Il est 18 heures, le jour décline, je suis
assise sur mon balcon. Olivier est au lit, malade, il ne me reste qu'à
patienter. Première pensée : je ne vais quand même pas rester là à ne rien
faire ! Mais pourquoi pas après tout ? Simplement être là. Et observer. Alors,
petit à petit, un détail capte mon attention, puis un autre et le tableau
devient théâtre.
Face à moi, en contre-bas, une cour intérieure
dessinée par une succession de petites échoppes. Derrière elles la route. En
fond sonore, les klaxons, rien de bien surprenant. Un homme se retire de son échoppe
et se retrouve face à mon balcon. A l'abri des regards de la rue, il urine. Je
baisse les yeux, lui les lève. La seule personne gênée dans l'histoire, c'est
moi. Et puis un autre apparaît, même scénario. Ainsi ils se succèdent. A ma
droite, un poteau électrique et des fils qui s'en échappent de toutes parts.
Deux petits écureuils rayés jouent aux funambules, tantôt courant sur le fil,
tantôt suspendus au-dessous. La télé dans notre chambre diffuse l'Age de glace.
Je ne peux m'empêcher de sourire. Spectacle apprécié également des oiseaux
exotiques au corps rond et à la queue longue, perchés non loin. Puis une vache
traverse la cour d'un pas nonchalant. Tantôt terrain de jeux pour six petits
chiots qui couratent entre ses pattes, tantôt taxi pour aigrettes paresseuses.

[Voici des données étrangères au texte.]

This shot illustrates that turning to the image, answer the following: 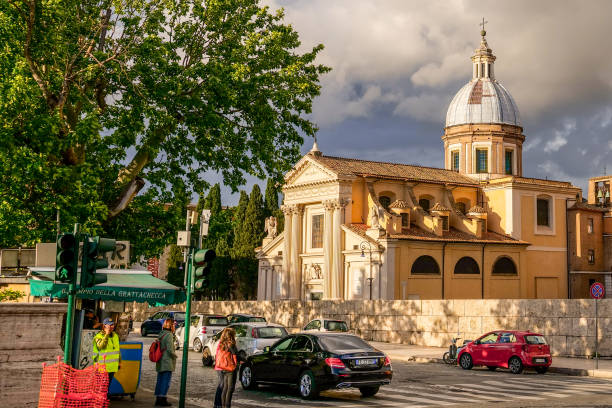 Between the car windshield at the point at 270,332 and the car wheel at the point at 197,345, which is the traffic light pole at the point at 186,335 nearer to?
the car windshield at the point at 270,332

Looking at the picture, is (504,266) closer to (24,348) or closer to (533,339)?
Result: (533,339)

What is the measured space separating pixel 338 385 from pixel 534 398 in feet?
15.2

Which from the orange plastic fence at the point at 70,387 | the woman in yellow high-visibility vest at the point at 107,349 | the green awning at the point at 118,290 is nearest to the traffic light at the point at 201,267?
the green awning at the point at 118,290

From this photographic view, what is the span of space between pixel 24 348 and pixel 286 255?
53.9 meters

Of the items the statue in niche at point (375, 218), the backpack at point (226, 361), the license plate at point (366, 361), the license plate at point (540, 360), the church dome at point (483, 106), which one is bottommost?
the license plate at point (540, 360)

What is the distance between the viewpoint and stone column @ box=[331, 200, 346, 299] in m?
58.4

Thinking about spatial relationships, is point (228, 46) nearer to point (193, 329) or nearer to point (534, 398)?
point (534, 398)

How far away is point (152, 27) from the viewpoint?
820 inches

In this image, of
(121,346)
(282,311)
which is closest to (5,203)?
(121,346)

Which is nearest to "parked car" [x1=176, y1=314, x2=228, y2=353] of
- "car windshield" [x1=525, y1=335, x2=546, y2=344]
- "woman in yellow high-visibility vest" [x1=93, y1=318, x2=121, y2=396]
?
"car windshield" [x1=525, y1=335, x2=546, y2=344]

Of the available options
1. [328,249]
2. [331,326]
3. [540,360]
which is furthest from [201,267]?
[328,249]

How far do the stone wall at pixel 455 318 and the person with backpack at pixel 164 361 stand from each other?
1923cm

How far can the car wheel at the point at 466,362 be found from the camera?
Answer: 26344 mm

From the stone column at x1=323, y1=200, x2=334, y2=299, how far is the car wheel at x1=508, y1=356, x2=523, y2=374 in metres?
34.7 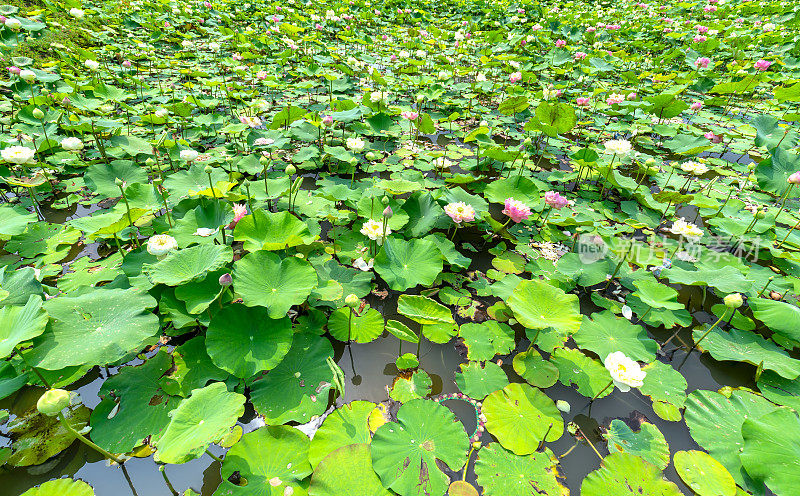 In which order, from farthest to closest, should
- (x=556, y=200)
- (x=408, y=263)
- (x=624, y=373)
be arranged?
(x=556, y=200), (x=408, y=263), (x=624, y=373)

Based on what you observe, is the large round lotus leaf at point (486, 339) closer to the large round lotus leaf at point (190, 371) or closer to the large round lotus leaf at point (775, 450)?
the large round lotus leaf at point (775, 450)

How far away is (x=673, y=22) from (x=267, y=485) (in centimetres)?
1341

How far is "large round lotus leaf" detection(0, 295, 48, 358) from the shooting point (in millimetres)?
1482

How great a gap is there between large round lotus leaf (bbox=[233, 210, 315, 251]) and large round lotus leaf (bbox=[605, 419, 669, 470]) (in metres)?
2.02

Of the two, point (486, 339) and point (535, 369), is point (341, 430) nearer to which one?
point (486, 339)

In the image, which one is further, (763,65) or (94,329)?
(763,65)

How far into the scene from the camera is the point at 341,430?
166 centimetres

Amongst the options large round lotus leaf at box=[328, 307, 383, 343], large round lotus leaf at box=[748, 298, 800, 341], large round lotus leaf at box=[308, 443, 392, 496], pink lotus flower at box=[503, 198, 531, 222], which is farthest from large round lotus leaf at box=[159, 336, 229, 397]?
large round lotus leaf at box=[748, 298, 800, 341]

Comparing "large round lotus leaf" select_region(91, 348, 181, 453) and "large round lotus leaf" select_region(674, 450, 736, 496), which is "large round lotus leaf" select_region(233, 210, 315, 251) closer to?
"large round lotus leaf" select_region(91, 348, 181, 453)

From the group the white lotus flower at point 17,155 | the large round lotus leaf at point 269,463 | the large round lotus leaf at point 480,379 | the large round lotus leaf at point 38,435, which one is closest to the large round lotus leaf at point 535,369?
the large round lotus leaf at point 480,379

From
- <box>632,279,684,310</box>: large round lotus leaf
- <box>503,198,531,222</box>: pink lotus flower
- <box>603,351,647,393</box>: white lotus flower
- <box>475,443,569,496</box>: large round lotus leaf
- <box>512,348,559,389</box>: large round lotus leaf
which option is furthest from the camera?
<box>503,198,531,222</box>: pink lotus flower

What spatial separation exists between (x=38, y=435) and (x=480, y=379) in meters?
2.20

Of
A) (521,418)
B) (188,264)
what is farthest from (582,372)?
(188,264)

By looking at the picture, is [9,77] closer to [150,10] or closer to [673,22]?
[150,10] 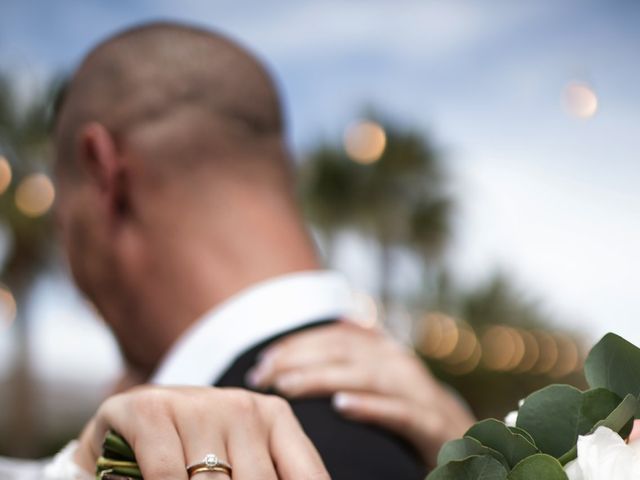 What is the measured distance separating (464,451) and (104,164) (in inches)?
57.0

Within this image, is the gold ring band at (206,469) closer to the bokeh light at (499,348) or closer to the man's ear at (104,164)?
the man's ear at (104,164)

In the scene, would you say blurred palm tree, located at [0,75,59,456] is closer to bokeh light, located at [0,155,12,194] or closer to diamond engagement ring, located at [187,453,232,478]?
bokeh light, located at [0,155,12,194]

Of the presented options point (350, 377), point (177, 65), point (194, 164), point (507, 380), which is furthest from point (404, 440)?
point (507, 380)

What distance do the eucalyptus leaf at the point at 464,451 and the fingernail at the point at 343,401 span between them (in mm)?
817

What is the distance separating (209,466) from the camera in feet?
4.12

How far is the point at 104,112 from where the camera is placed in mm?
2385

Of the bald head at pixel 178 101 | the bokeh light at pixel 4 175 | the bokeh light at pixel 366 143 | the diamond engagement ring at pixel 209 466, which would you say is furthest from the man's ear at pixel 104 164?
the bokeh light at pixel 366 143

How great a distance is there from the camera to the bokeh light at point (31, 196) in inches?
779

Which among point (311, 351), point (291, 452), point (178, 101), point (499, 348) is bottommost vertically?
point (499, 348)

La vache hésite entre ingurgiter un sac poubelle et un paquet de chips. Il faut
avouer qu'elle n'a que l'embarras du choix. Il y a bien un petit feu, là, un
peu plus loin, qui tente maladroitement d'éliminer quelques déchets. Mais à
quoi bon ? Ne reste de son existence qu'une odeur envahissante et un tas de
cendres au milieu de la mer de déchets impassibles. Pendant tout ce temps, les
hommes continuent leur valse. Ah, voilà, les chiots ont retrouvé leur maman
biologique. Quelques jappements, puis celle-ci s'en va, suivie de sa progéniture
trottinant à la queue leu-leu.
Sortie de scène.
Changement de décor.
La route. Un klaxon plus soutenu attire mon
attention, un gros camion rouge passe, débordant de cannes à sucre. Au-dessus d’elles
se tient en équilibre une dizaine de passagers. Les rickshaws sont alignés au
bord de la route, ils attendent les clients. Et des vaches, encore elles ! Cette
fois au milieu du carrefour mais toujours nonchalantes. Elles sont reines ici et
personne ne vient les contrarier.
Et puis commence la danse lumineuse des
phares.
La nuit tombe.
La vie du village continue. Je me retire.
Baisser de rideau.
AG 19.12.12
De toute évidence l'Inde t'inspire. Beau texte bravo Aline ! Danièle a dit qu'elle l'a dégusté.